26 octobre 2009
Une majoritaire parlementaire aux ordres du gouvernement
sur "de près de loin" (JL Bianco)
L’espace d’un instant, vendredi en fin d’après-midi, l’Assemblée nationale avait semblé s’affirmer en adoptant, contre l’avis du gouvernement, le principe d’une taxe additionnelle de 10% sur le bénéfice des banques (44 voix pour, 40 contre), proposé par le groupe socialiste.
Mais quelques secondes après le vote, un collaborateur de Jean-François Copé est venu expliquer à la presse qu’il y aura une seconde délibération.

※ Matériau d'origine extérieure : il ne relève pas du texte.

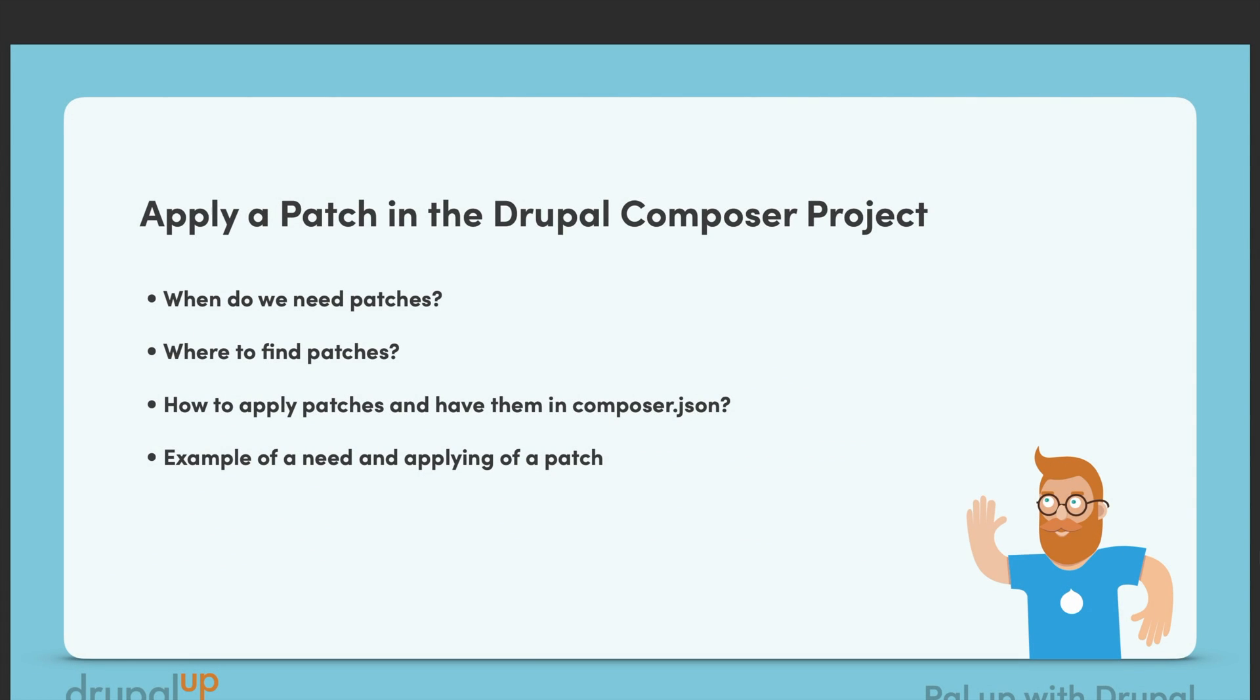In this video we're going to be learning how to apply patches in Drupal composer projects. We're going to learn when we need patches, where to find the patches, and how to apply patches in our composer.json file.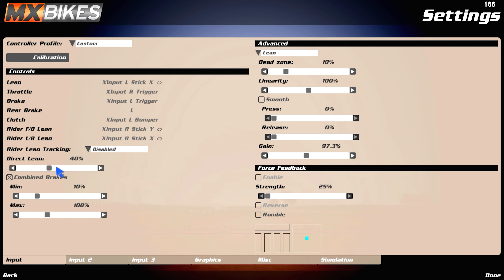Direct lean, this is like how fast you lean, I think, and how fast it comes back. I have it set at 40, so it's a bit faster, but not too fast, if that makes sense.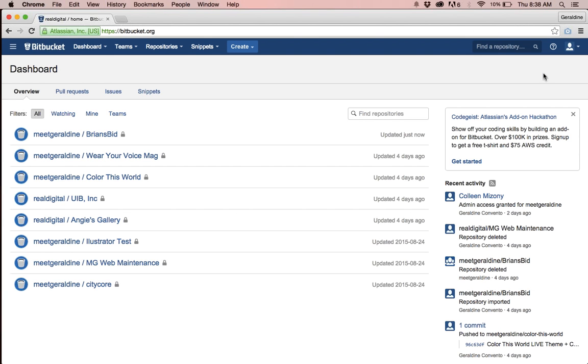And that was a tutorial of how to transfer a repository to a different user using Bitbucket.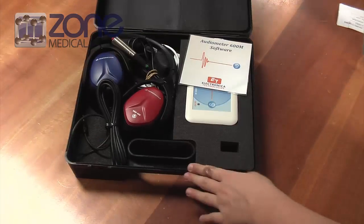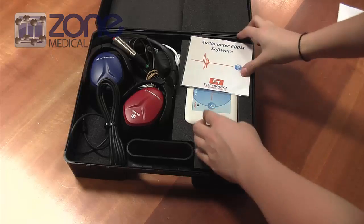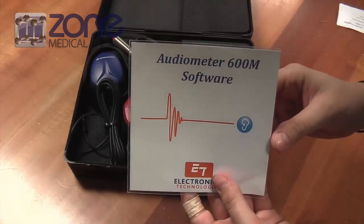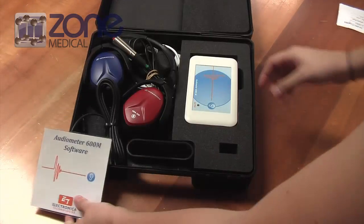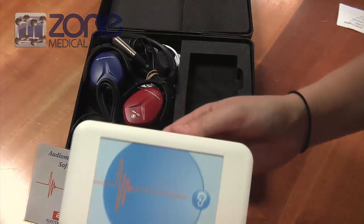Once you open it up, you'll find the CD software which you use to install it on your computer, as well as the device itself.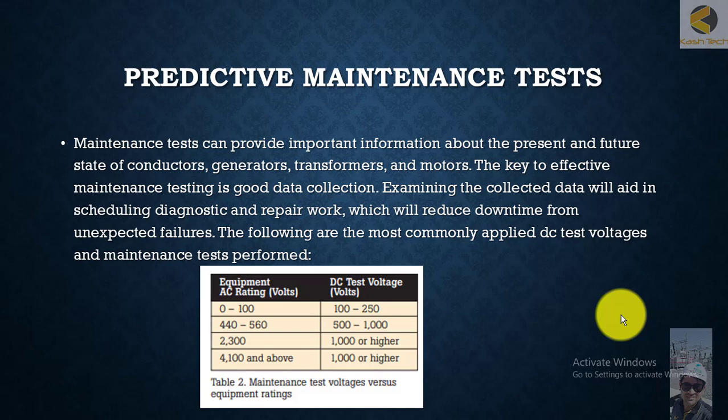Welcome, friends. In this section we will see the productive maintenance test. Maintenance testing can provide important information about the present and future state of conductors, generators, transformers, and motors. The key to effective maintenance testing is good data collection. Examining the collective data will aid in scheduling diagnostic and repair work, which will reduce downtime from unexpected failures.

Quelle erreur? L’ex-ministre des Sports Jean-François Lamour (UMP) a déclaré s’être trompé de bouton : il a voté pour mais voulait dire non, comme tous ses collègues UMP dont une partie avait pourtant soutenu l’amendement de Didier Migaud (PS) lors de son adoption en commission des Finances…
Déjà jeudi, le gouvernement avait humilié sa propre majorité UMP en l’obligeant à renoncer à un amendement sur la taxe professionnelle… Cet amendement était le fruit d’un consensus entre UMP et PS, mais cela avait suscité la colère du Medef! Le gouvernemement y était donc défavorable et la majorité UMP avait été contrainte à finalement abandonner son amendement et même à voter contre lorsque nous l’avons défendu!
Marc Laffineur, député membre de la majorité UMP a déclaré avec raison : "J’ai été scandalisé de voir que la présidente du Medef pouvait essayer de défendre des officines plutôt que l’intérêt général".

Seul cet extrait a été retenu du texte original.